**What is needed:** Return the lines below that contain the word "rhinestone".

(Stored items from a collection)
>>>>>

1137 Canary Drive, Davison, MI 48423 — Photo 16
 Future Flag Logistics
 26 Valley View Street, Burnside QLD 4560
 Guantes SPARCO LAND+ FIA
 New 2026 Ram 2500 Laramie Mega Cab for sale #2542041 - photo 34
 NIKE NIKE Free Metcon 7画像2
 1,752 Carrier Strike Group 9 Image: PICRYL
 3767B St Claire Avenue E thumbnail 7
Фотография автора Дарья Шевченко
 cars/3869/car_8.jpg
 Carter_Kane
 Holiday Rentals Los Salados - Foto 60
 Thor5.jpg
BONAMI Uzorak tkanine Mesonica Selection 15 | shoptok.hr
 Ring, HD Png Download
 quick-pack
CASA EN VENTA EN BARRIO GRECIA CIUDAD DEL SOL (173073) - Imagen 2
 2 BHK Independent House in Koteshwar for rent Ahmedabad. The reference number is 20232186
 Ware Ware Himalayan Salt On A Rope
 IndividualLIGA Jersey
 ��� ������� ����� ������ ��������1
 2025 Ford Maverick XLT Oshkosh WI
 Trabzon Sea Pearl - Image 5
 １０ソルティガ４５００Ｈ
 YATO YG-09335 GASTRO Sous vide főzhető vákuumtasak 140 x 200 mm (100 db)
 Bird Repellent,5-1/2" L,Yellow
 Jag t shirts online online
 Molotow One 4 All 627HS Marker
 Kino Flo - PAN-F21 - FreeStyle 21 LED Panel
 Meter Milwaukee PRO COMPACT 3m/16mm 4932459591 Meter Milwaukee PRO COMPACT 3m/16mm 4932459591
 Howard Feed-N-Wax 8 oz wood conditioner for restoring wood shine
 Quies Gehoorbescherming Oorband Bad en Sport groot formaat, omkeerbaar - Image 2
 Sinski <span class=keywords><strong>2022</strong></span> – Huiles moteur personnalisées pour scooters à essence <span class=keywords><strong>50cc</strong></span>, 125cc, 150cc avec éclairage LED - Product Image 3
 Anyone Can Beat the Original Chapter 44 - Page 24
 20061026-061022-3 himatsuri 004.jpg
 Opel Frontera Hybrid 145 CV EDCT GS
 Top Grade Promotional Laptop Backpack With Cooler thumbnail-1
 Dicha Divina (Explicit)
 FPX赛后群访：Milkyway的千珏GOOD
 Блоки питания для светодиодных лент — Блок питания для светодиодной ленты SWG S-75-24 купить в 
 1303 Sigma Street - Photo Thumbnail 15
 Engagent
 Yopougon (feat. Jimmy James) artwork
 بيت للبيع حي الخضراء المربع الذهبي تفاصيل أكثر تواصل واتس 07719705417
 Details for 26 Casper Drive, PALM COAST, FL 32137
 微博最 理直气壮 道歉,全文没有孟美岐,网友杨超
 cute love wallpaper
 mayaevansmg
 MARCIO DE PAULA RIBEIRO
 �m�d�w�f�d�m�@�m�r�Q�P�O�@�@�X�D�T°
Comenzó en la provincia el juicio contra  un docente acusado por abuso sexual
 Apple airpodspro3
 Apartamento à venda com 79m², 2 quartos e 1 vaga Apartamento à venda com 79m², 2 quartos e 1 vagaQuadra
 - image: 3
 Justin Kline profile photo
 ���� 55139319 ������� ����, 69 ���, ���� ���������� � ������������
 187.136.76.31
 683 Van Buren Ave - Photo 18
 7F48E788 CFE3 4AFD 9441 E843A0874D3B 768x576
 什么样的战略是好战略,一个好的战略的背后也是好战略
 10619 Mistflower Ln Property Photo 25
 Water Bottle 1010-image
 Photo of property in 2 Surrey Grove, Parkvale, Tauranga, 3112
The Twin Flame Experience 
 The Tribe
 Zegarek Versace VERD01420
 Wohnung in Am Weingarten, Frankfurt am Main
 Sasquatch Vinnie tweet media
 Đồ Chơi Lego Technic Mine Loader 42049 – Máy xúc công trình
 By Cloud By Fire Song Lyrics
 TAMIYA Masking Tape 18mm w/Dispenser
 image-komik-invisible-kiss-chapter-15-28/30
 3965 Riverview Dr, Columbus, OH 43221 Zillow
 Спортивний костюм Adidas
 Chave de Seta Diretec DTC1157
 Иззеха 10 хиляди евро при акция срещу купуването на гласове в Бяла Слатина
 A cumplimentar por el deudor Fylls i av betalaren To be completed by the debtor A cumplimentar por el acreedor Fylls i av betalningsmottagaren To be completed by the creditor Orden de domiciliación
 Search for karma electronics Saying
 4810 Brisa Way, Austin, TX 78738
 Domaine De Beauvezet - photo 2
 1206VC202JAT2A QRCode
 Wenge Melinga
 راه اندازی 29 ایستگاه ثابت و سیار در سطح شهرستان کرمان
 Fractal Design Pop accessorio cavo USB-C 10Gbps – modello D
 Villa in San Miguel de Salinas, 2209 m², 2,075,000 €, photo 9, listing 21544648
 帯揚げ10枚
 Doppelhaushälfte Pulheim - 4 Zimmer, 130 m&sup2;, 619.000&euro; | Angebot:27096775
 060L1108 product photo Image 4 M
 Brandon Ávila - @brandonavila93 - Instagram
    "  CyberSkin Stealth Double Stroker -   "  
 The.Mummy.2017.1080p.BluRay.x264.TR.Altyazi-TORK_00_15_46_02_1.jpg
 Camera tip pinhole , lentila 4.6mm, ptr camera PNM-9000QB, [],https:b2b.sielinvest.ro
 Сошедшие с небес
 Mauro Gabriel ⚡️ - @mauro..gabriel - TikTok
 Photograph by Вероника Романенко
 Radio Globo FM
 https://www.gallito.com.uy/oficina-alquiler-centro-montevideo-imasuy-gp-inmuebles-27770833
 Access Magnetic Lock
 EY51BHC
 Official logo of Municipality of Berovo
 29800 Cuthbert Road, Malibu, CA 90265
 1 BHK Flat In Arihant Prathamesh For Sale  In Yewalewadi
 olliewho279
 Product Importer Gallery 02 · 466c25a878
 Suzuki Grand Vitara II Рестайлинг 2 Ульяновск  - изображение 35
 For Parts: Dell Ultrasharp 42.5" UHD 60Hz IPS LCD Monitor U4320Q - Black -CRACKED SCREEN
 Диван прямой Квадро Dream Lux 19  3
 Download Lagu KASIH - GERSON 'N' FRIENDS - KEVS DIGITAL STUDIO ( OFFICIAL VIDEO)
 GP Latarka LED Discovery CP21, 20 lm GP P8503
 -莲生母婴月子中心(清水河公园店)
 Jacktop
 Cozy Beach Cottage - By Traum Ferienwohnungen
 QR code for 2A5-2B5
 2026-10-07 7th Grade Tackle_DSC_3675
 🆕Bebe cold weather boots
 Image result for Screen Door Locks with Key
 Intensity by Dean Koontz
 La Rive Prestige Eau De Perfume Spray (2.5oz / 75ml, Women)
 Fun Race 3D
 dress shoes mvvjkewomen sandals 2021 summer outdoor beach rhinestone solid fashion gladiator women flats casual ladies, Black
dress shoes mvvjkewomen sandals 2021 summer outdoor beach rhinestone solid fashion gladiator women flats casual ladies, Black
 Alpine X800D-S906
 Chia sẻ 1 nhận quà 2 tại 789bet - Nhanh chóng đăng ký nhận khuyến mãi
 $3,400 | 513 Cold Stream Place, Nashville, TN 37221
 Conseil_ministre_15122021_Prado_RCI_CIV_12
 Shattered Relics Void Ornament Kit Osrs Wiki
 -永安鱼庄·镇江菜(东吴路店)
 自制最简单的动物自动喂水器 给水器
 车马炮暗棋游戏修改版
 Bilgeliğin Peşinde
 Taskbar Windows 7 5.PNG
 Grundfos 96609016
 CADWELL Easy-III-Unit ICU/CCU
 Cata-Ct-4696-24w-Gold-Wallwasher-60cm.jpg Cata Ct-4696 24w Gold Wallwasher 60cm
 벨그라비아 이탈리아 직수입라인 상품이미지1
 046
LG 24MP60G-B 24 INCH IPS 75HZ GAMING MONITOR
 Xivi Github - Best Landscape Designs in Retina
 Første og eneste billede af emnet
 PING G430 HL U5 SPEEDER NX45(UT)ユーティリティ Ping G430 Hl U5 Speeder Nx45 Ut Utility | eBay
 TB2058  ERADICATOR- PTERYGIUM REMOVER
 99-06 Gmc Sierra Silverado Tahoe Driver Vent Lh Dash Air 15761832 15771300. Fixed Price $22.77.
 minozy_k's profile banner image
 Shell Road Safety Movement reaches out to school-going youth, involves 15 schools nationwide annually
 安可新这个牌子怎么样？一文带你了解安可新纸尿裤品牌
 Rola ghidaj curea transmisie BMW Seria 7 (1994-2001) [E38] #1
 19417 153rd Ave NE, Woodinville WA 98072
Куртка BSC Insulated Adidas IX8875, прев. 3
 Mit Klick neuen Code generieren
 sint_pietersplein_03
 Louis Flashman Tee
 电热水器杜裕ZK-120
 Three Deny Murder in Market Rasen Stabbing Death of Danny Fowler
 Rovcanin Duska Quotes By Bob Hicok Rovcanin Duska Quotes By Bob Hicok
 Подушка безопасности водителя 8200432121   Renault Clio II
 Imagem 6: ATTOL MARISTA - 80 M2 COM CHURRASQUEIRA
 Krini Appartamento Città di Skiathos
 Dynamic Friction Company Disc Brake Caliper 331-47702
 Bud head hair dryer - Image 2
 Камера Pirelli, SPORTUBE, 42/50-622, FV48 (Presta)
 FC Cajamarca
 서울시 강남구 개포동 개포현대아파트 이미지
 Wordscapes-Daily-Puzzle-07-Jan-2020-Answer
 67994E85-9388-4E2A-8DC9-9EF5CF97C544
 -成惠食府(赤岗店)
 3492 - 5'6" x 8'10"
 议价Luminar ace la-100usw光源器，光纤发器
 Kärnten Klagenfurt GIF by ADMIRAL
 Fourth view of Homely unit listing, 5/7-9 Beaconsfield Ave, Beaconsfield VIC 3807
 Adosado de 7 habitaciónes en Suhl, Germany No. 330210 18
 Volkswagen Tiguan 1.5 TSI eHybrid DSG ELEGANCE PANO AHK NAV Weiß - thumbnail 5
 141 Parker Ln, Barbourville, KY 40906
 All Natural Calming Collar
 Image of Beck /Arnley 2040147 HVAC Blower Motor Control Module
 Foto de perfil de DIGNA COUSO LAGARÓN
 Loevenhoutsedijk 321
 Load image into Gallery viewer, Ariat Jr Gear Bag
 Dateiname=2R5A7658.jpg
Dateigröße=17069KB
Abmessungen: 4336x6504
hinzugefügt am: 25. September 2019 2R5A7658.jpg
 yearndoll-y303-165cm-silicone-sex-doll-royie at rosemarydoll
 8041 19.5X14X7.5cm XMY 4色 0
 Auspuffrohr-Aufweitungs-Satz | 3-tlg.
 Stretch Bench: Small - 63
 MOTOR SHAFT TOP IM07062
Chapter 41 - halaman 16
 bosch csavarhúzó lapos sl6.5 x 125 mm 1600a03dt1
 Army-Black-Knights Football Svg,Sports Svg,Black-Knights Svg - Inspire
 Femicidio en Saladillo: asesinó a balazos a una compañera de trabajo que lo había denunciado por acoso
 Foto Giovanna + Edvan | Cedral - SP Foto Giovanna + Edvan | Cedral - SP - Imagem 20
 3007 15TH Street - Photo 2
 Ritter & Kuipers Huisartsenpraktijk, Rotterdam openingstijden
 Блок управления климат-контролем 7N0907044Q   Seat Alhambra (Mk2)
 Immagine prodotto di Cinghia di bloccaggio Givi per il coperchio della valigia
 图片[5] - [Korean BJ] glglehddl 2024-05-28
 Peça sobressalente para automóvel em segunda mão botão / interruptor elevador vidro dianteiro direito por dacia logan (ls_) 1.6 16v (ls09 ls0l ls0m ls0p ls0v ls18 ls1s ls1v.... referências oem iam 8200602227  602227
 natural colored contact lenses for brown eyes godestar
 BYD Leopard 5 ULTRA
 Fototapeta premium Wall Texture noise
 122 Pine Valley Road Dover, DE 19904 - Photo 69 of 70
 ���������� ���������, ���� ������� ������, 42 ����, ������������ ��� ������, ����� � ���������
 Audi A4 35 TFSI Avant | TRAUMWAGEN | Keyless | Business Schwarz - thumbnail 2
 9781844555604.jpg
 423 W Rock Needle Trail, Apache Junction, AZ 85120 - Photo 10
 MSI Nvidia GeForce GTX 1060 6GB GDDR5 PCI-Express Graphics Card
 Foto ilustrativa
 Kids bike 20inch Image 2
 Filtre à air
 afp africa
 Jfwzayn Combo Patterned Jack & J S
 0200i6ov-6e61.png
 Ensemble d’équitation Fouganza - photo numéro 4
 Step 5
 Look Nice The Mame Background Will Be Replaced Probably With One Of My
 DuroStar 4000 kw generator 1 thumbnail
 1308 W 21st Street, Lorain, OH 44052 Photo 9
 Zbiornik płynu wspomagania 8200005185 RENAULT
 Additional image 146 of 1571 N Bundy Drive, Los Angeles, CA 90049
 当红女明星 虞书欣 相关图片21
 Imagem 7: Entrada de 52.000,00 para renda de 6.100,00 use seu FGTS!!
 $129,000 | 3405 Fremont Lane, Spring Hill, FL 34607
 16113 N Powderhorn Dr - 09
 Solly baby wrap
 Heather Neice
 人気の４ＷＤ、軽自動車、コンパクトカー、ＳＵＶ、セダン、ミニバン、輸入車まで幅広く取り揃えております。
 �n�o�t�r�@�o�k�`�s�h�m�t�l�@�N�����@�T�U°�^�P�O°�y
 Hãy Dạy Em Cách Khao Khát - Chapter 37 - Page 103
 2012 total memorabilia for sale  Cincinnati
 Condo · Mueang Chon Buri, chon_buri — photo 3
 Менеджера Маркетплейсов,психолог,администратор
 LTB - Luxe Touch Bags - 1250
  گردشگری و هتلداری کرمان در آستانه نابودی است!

<<<<<

**Answer to the exercise:**
 dress shoes mvvjkewomen sandals 2021 summer outdoor beach rhinestone solid fashion gladiator women flats casual ladies, Black
dress shoes mvvjkewomen sandals 2021 summer outdoor beach rhinestone solid fashion gladiator women flats casual ladies, Black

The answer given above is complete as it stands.